Discussion - If druid has recommended segment size then why the concept segment granularity

Why does the concept of segment granularity exist when druid has recommended segment size? Handoffs? Segment swapping?

please refer to this white paper it has the answer to this question


I read the druid pdf till section 5 query API (inclusive) but not able to understand the reason. Can you please point me to the section that I should go through again?

it is explained over all the paper. segment granularity is used to logically and physically partition the data, hence you can replace a segment by another from the same interval, or a new segment with higher segment interval will overshadow multiple small interval over the same period of time.

The bottom line, the segment granularity is used to partition the data and define logical view. The recommend size is to optimize that partitioning the data, and one does not exclude the other.

Let me re phrase the question.

Having segments is for sharding/partitioning based on timeseries. But if druid works best with 300 MB to 700 MB segment size then why can the realtime node not just keep on using the same segment till that range is reached. Realtime node does the partitioning based on time why not the size?
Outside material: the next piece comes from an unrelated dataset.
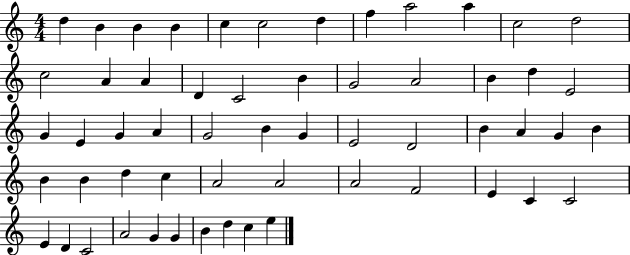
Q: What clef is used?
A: treble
It will still be partitioned and the timestamp can still be there for the overshadowing and replacement.

You can not build a logical timeline based on the strategy you are describing, in addition replication will be meaning less.

For instance suppose you have 2 realtime node working as one replica of the other.

now due to the distributed nature of thing, both nodes will not receive the message in the same order.

Hence if you just do partition based on size you will produce two different segments with approximately the same size while the goal was to have two replicas !!!

The same thing apply to timeline imaging you partition by size now when i issue a query with interval t1 to t2 how you will know which segments to query ?

Not sure what is the end goal of this discussion ?

Was just trying to understand why this was so as I could not understand why such a decision was taken. Thanks for all the explanations. It helps.

Great glad i was able to explain it :D. Please let me know if you have more questions.